> _What to work on_
Begin at the line that holds "Red Zip-Front V-Neck Women’s Dress" and copy each line exactly until the data below ends, including that last line but no pictures.

> _Image-text web data_
= = = = = = =

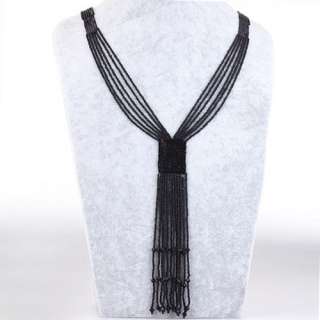 Multi Black Small Bead Beaded Strand Chain Tassel Pendant Necklace For 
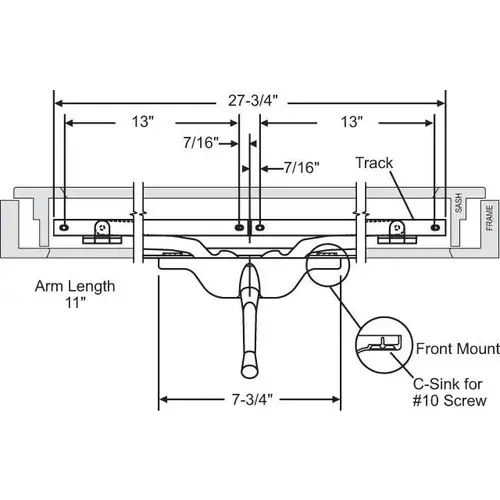 Brixwell 29-128-21 11in Pivot Shoe Operator Satin Nickel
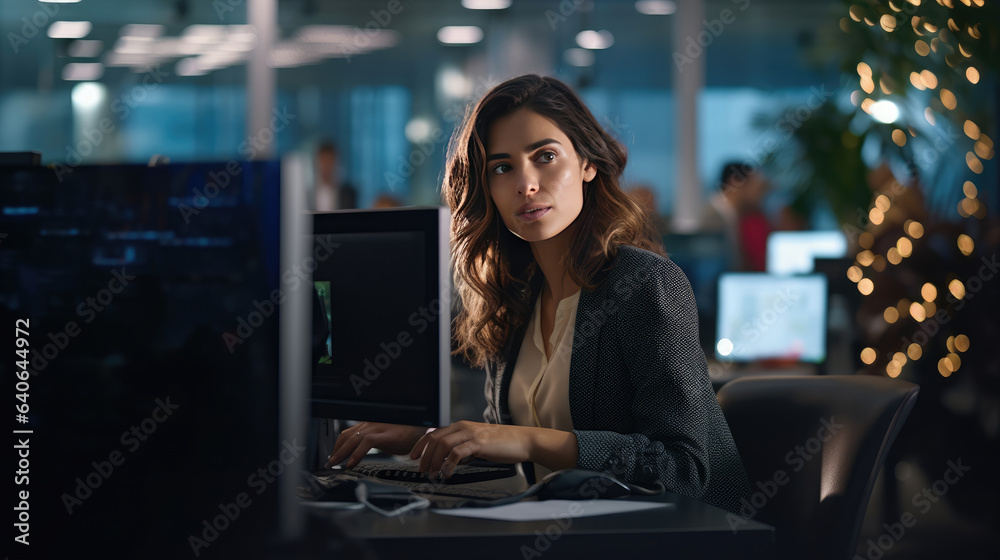 A female secretary confidently navigating her tasks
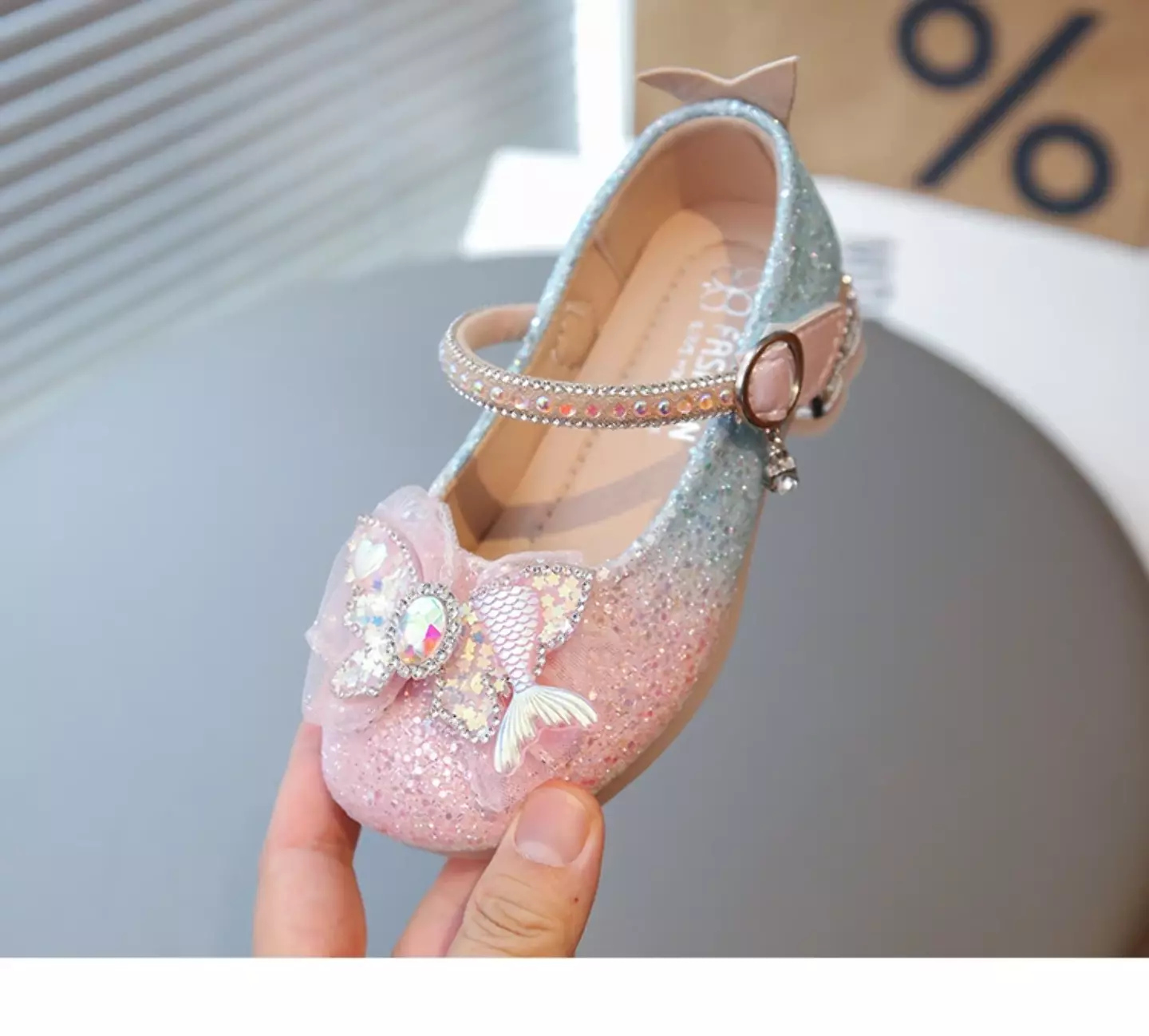 Young Girls & Girls Pink Mermaid Tail Bow Dress Shoes | Lucys 11548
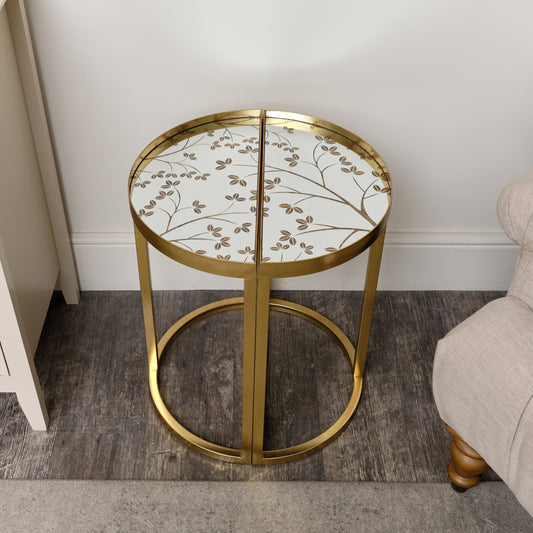  Gold Set of 2 Semi Circle Printed Mirrored Side Table 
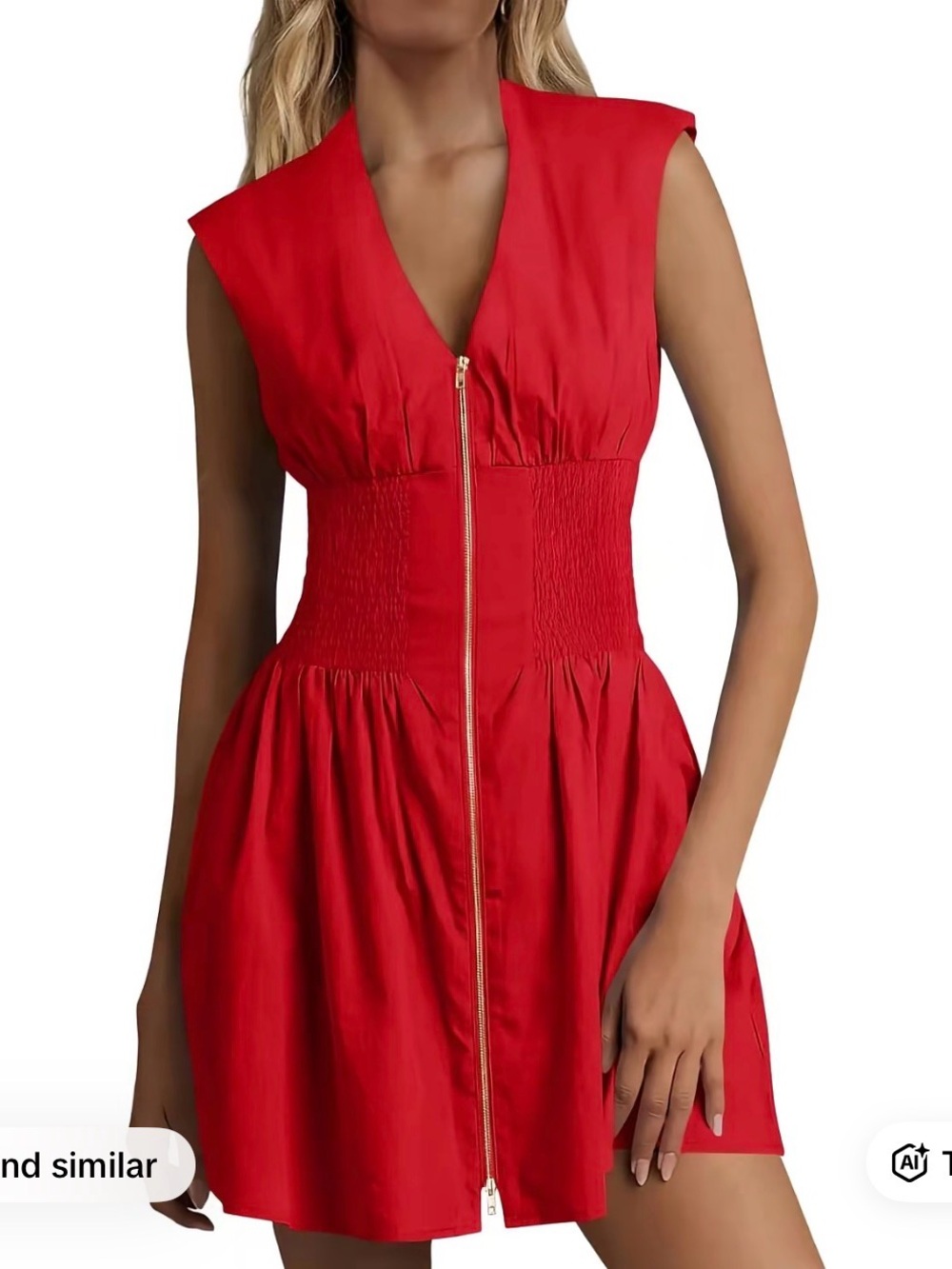 Red Zip-Front V-Neck Women’s Dress
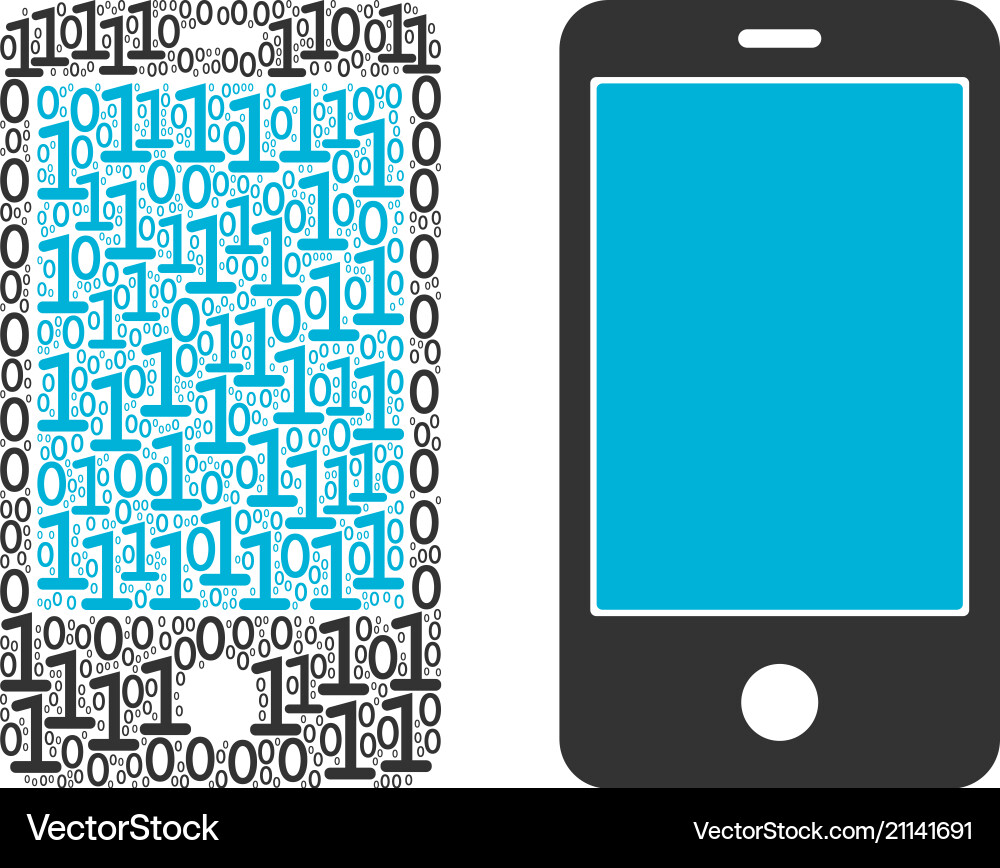 Smartphone mosaic of binary digits Smartphone mosaic of binary digits vector image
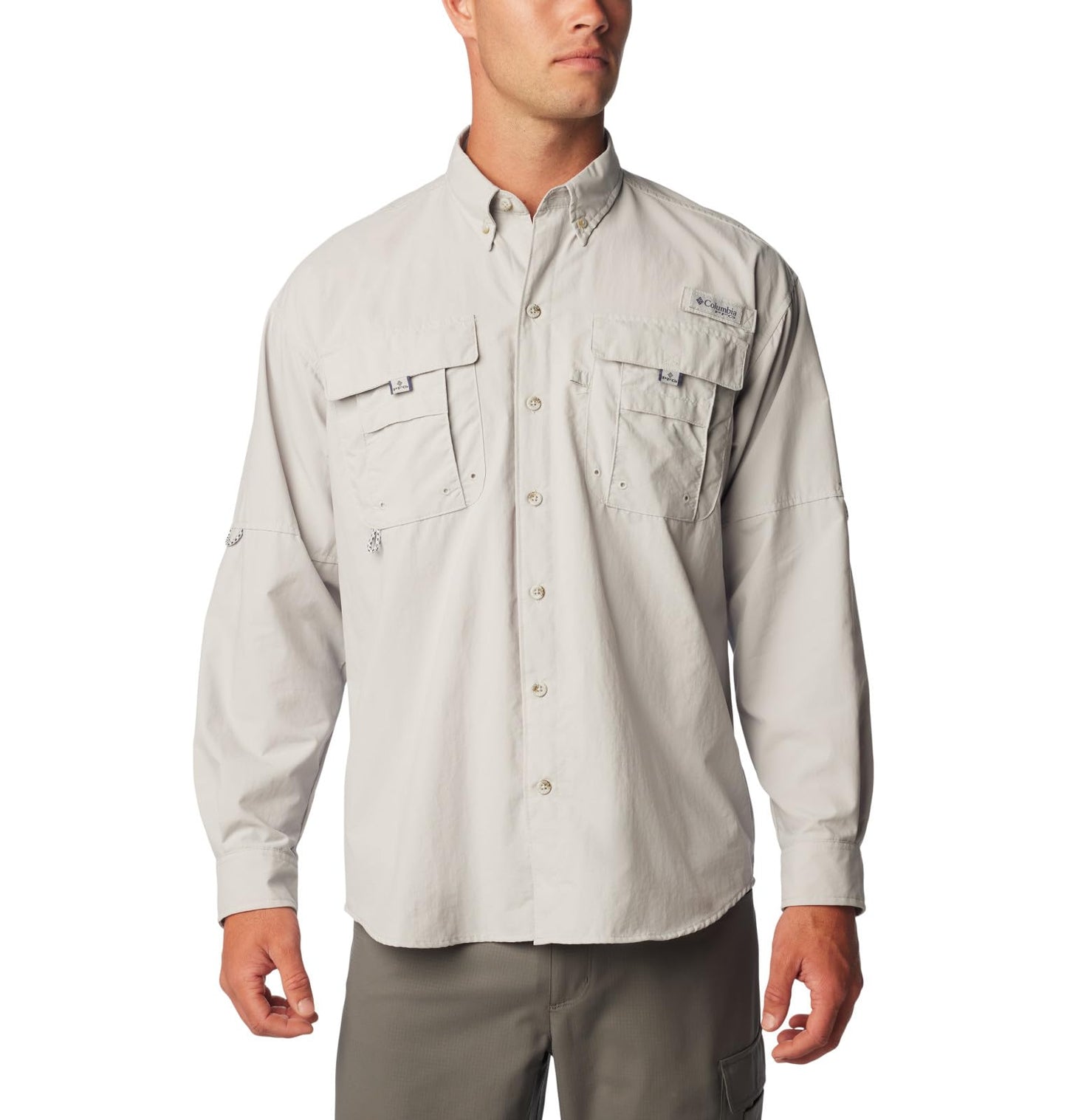 Columbia Men's Bahama II UPF 30 Long Sleeve PFG Fishing Shirt, Cool Grey, 6X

= = = = = = =

> _Finished task_
 Red Zip-Front V-Neck Women’s Dress
 Smartphone mosaic of binary digits Smartphone mosaic of binary digits vector image
 Columbia Men's Bahama II UPF 30 Long Sleeve PFG Fishing Shirt, Cool Grey, 6X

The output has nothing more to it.